Some of the shift in public opinion is also due to reemerging hawkishness on the right. In April, when asked whether the U.S. should be more or less active in the world, Republicans split 29/45. When asked again in September, they split 41/34. Bush-era theories of executive power in fighting jihadis are popular again too, at least in the White House. Dick Cheney aside, there’s no villain greater than John Yoo to progressives when it comes to crafting counterterror policy. Well, guess what:
John Yoo, a former Bush administration lawyer and one of the primary architects of the “strong executive” theory of presidential power, told BuzzFeed News, “Obama has adopted the same view of war powers as the Bush administration.”…
Relying on Article II, Yoo wrote [in 2001]: “The president may deploy military force preemptively against terrorist organizations or the States that harbor or support them, whether or not they can be linked to the specific terrorist attack of September 11.” The fact that Congress had explicitly rejected the preemption language didn’t matter because, in Yoo’s reading, the president already had that authority.
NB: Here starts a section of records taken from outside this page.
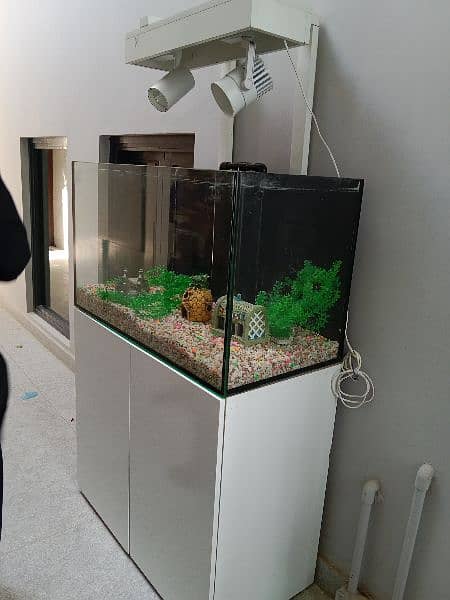 Fish Aquarium box 3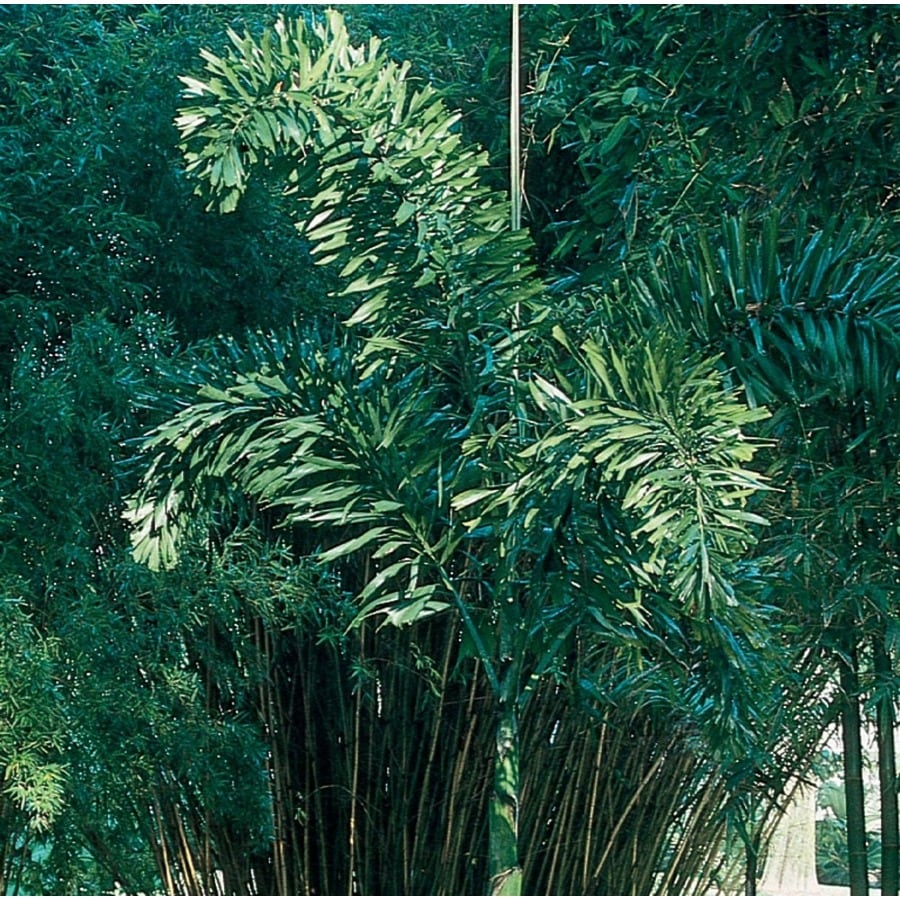 2 25 Gallon Potted Foxtail Palm L14531 At Lowes 2 25 Gallon Potted Foxtail Palm L14531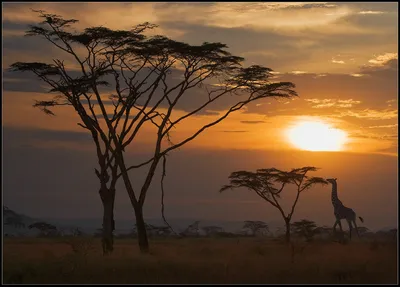 Как выглядет Африканская Саванна. Пару слов о главном. | Мир животных. |  Дзен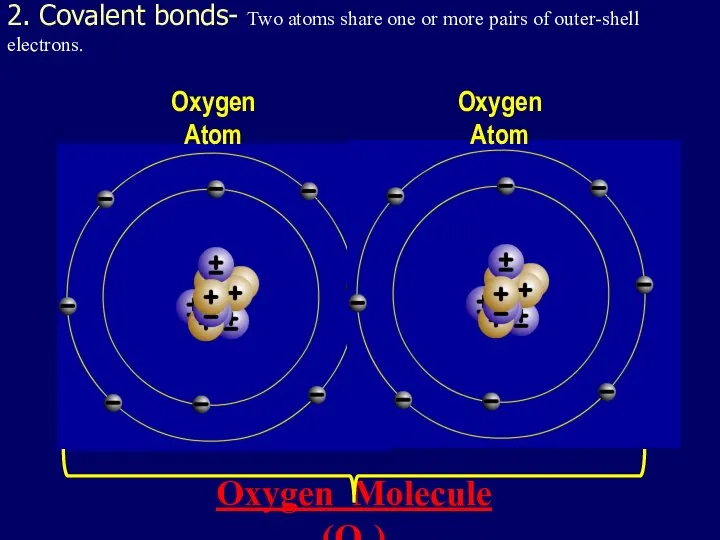 2. Covalent bonds- Two atoms share one or more pairs of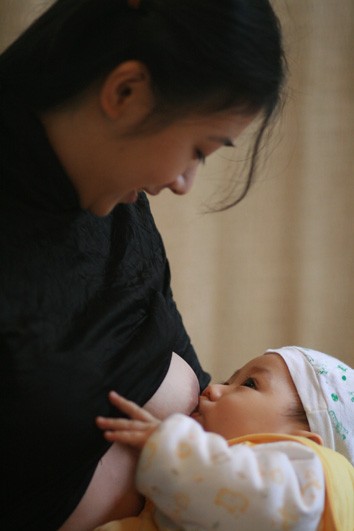   Breastfeeding Week launched in Hanoi - ảnh 1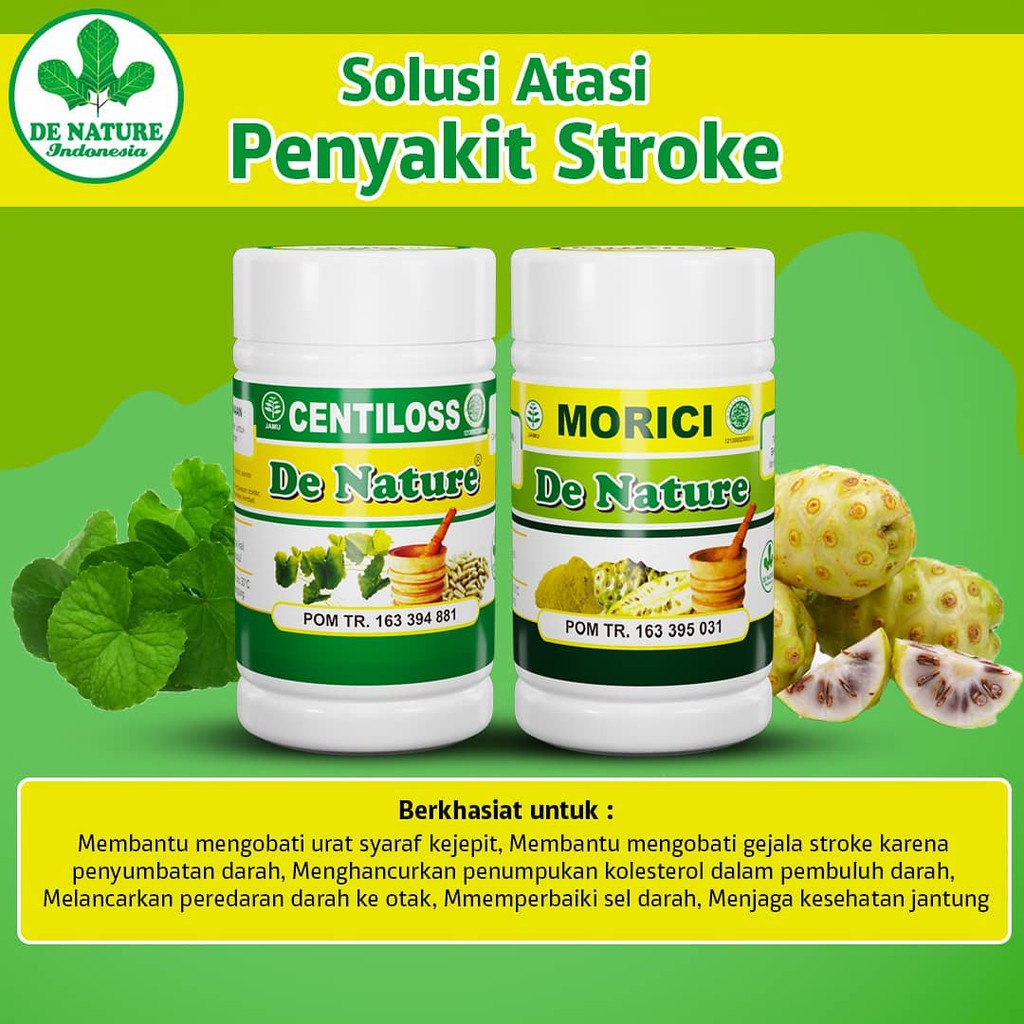 

Obat Stroke Ringan Anti Lepra Anti Pikun Melancarkan Peredaran Darah De Nature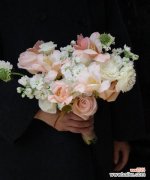 手捧花扎成四小束的寓意是什么？四小束手捧花代表什么？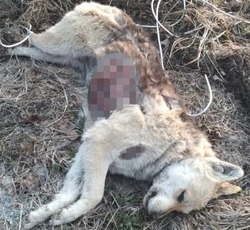 «Над ними просто издевались»: живодеры жестоко убили собак в Южно-Сахалинске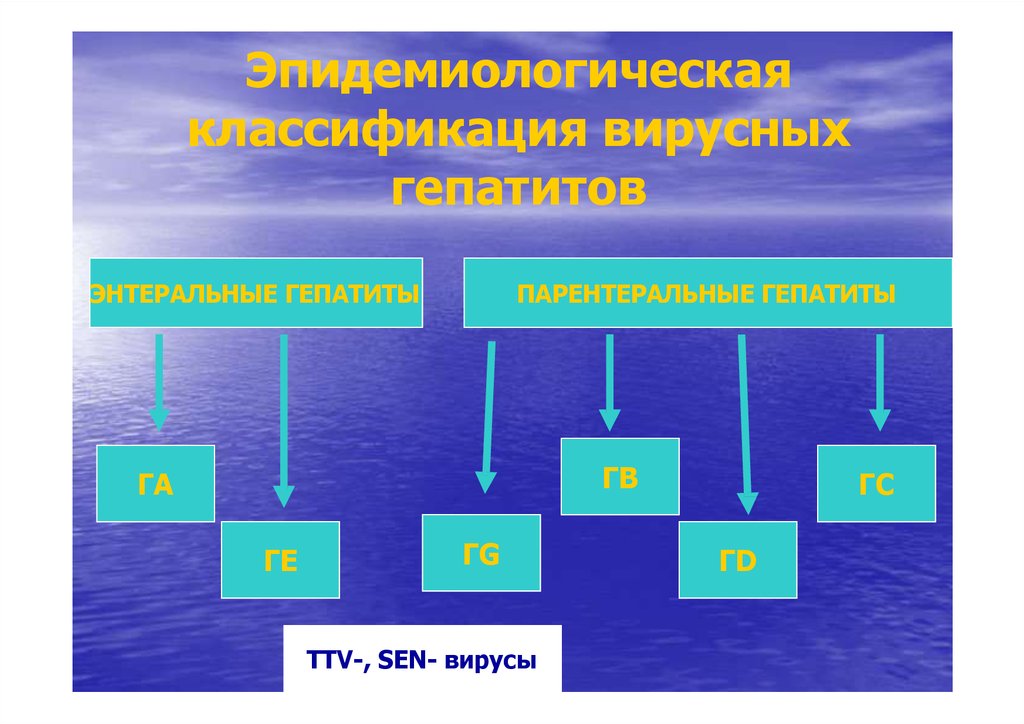 Вирусные гепатиты от иерсиниоза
“This is precisely the logic of the current and planned use of force against [ISIS],” Jack Goldsmith, another former Bush administration lawyer and currently a professor at Harvard Law School, pointed out recently on Lawfare, a blog he co-founded.
As you watch tonight, try to imagine what lefty commentary would look like if George W. Bush delivered this exact same speech. Because you know what? Apart from a sentence here or there, I’ll bet he could have.
Two quotes for you to meditate on while we’re waiting for O to speak. The first comes from one of Muqtada al-Sadr’s henchmen, someone who was suspected by the U.S. of leading a Shiite death squad and who doubtless someday will again: “We have had no problems with the U.S. since they withdrew from Iraq. I fought against them, as they were invaders. But today they are not. We are now allied to fight ISIS together.” The second quote comes from someone you’re more familiar with. Believe it or not, he really did say this just last year:
So even though I possess the authority to order military strikes, I believed it was right, in the absence of a direct or imminent threat to our security, to take this debate to Congress. I believe our democracy is stronger when the President acts with the support of Congress. And I believe that America acts more effectively abroad when we stand together.
This is especially true after a decade that put more and more war-making power in the hands of the President, and more and more burdens on the shoulders of our troops, while sidelining the people’s representatives from the critical decisions about when we use force.
A year later, he’s decisively pro-sidelining. He promised you Change, didn’t he?